Der Hessische Apothekerband (HAV) ist nicht mit der Entmachtung der Hauptversammlung des Deutschen Apothekertags (DAT) einverstanden. Auch wenn der DAT bisher schon kein Organ der ABDA war, wie es die ABDA-Präsidentin Overwiening schonungslos deutlich machte, spricht sich der HAV mit Nachdruck gegen die geplante Satzungsänderung der ABDA aus, er werde auf der Mitgliederversammlung dagegen stimmen. Der HAV sieht darin eine klare Schwächung der demokratischen Mitbestimmung und fordert stattdessen eine Reform, die den DAT als entscheidendes Organ mit bindendem Charakter stärkt. HAV-Chef Holger Seyfarth möchte stattdessen eine Satzungsänderung für mehr Demokratie und Verbindlichkeit. Mein liebes Tagebuch, man kann ihm nur zustimmen: Solche undemokratischen Strukturen, wie sie mit der Satzungsänderung zementiert werden sollen, haben nichts in einem zeitgemäßen Verband zu suchen. Ups, ist die ABDA in dieser Form noch zeitgemäß?
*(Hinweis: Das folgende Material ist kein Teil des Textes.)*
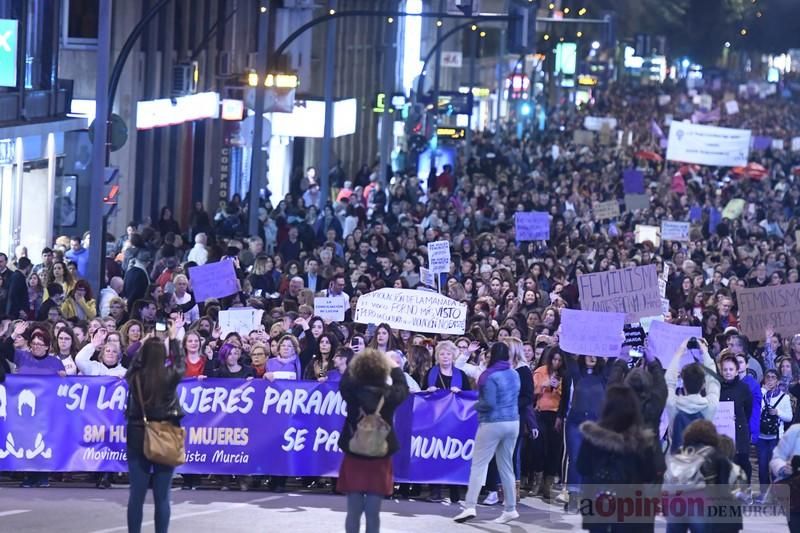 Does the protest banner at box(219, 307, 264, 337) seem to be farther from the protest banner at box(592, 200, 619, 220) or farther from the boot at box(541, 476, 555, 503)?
the protest banner at box(592, 200, 619, 220)

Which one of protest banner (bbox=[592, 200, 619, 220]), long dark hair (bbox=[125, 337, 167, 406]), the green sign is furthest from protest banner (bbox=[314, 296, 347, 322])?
protest banner (bbox=[592, 200, 619, 220])

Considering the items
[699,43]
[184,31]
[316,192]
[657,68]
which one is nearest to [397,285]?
[316,192]

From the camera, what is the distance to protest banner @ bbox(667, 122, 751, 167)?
48.6m

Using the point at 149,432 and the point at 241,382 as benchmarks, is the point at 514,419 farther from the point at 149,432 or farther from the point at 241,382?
the point at 149,432

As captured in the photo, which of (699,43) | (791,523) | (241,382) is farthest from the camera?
(699,43)

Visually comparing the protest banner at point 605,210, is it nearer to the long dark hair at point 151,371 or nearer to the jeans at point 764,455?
the jeans at point 764,455

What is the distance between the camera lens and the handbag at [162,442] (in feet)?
40.7

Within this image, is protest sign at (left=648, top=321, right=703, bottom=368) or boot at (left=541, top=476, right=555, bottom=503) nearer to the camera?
boot at (left=541, top=476, right=555, bottom=503)

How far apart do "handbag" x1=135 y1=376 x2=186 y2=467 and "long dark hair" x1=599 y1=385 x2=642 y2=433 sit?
267 centimetres

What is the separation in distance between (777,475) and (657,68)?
148 m

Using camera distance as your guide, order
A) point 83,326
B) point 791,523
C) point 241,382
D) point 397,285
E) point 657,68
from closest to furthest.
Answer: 1. point 791,523
2. point 241,382
3. point 83,326
4. point 397,285
5. point 657,68

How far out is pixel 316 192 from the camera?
4006cm

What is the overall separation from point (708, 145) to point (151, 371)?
37.7 metres

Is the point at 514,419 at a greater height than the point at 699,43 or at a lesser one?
lesser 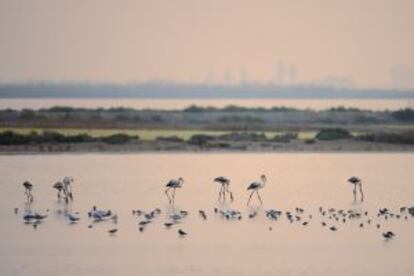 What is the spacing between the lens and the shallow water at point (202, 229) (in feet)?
62.3

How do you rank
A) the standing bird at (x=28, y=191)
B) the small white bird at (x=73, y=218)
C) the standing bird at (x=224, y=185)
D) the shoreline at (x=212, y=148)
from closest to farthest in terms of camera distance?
the small white bird at (x=73, y=218)
the standing bird at (x=28, y=191)
the standing bird at (x=224, y=185)
the shoreline at (x=212, y=148)

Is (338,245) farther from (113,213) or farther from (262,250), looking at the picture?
(113,213)

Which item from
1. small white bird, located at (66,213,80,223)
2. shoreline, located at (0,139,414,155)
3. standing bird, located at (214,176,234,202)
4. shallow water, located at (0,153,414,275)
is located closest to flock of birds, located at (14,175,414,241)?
small white bird, located at (66,213,80,223)

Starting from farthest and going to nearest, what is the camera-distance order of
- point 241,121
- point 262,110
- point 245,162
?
point 262,110, point 241,121, point 245,162

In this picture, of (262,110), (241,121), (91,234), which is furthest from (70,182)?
(262,110)

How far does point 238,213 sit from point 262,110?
37.6 meters

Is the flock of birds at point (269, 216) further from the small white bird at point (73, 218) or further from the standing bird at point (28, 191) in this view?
the standing bird at point (28, 191)

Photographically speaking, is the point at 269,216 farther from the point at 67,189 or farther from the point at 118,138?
the point at 118,138

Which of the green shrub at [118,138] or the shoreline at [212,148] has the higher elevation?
the green shrub at [118,138]

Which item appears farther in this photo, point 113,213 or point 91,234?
point 113,213

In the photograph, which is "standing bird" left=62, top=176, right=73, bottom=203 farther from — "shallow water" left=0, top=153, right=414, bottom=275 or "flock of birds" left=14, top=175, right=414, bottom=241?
"flock of birds" left=14, top=175, right=414, bottom=241

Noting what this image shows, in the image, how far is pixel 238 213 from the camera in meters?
24.6

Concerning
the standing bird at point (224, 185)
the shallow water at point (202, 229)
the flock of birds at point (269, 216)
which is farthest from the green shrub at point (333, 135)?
the flock of birds at point (269, 216)

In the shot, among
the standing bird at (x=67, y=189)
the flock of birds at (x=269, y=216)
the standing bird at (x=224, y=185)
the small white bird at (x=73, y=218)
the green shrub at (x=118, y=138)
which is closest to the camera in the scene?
the flock of birds at (x=269, y=216)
Ja, passt die ABDA noch in die heutige Zeit? Das fragt sich ein einem Gastkommentar auch Prof. Reinhard Herzog. Allein schon das Konglomerat von Apothekerkammern als Körperschaften des öffentlichen Rechts und Apothekerverbänden als Interessensvertretung für die wirtschaftlichen Belange kann doch nur zu einem Zielkonflikt führen. Herzog: „Eine disziplinarische Aufsicht, der hehren Pharmazie und dem Berufsethos verpflichtet, steht nicht zwangsläufig im Einklang mit schnöden kaufmännischen Interessen.“ Eine Verbandsstruktur, die von einer sich selbst im Wege stehenden Dachorganisation befreit wäre, könnte zielgerichteter und kraftvoller aufspielen, so Herzogs Schlussfolgerung. Mein liebes Tagebuch, es wäre in der Tat eine echte Strukturreform gewesen, wenn die ABDA über diese eigentlich unhaltbare Zwitterstellung zwischen Kammer und Verband nachgedacht und eine Reform eingeleitet hätte. Wir wär’s damit: Eine Bundesapothekerkammer als Spitzenorganisation fürs Ethische auf der einen Seite und auf der anderen Seite eine Organisation der Apothekerverbände mit einem Manager an der Spitze, der weiß, wie man wirtschaftliche Interessen gegen Kassenbosse und andere durchsetzt.
11. Dezember 2024
Mit diesem Donnerschlag hatte niemand gerechnet: Gabriele Regina Overwiening, die bereits vor einigen Wochen angekündigt hatte, erneut für das Amt der ABDA-Präsidentin zu kandidieren, wurde von der ABDA-Mitgliederversammlung (dies sind die 34 Mitgliedsorganisationen) nicht wieder gewählt: Nur 48 Prozent der Anwesenden stimmten für Overwiening, 52 Prozent gegen sie. Das gab’s bei früheren Präsidiumswahlen noch nie: Wer im Vorfeld der Wahl ausgeguckt, ausgeklüngelt war, erhielt die Mehrheit der Stimmen. Diesmal war’s anders. Was sagt uns das? Was lief da schief? Overwiening – noch beim diesjährigen Apothekertag wurde sie mit Standing Ovations gefeiert. In ihrer eigenen Kammer (Westfalen-Lippe) wurden ihr Blumen überreicht: Sie hatte vor Kurzem das Bundesverdienstkreuz erhalten; Overwiening habe diesen Orden „so was von verdient“, meinte ihr Vizepräsident Frank Dieckerhoff. Mein liebes Tagebuch, die Stimmung in den Mitgliedsorganisationen dürfte eine andere gewesen sein, mit der Arbeit Overwienings als ABDA-Präsidentin waren nicht alle Mitgliedsorganisationen (und nicht alle Apothekerinnen und Apotheker an der Basis) zufrieden. Nun, es war ja auch eine schwierige Amtszeit: die Lieferengpässe, das fortschreitende Apothekensterben und dann der Kampf gegen Lauterbachs Apothekenreform, um nur einige Eckpunkte zu nennen. Manche sollen auch Overwienings Führungsstil als autoritär empfunden haben und nicht damit zurecht gekommen seien. Man hätte sich durchaus vorstellen können, dass sich eine andere Führungsperson an der Spitze noch energischer, kämpferischer und mutiger gegen politische Vorhaben und politische Ignoranz stellt – vor allem als deutlich wurde, dass Reden nicht mehr hilft. 500 Apotheken weniger im Jahr sind mehr als genug.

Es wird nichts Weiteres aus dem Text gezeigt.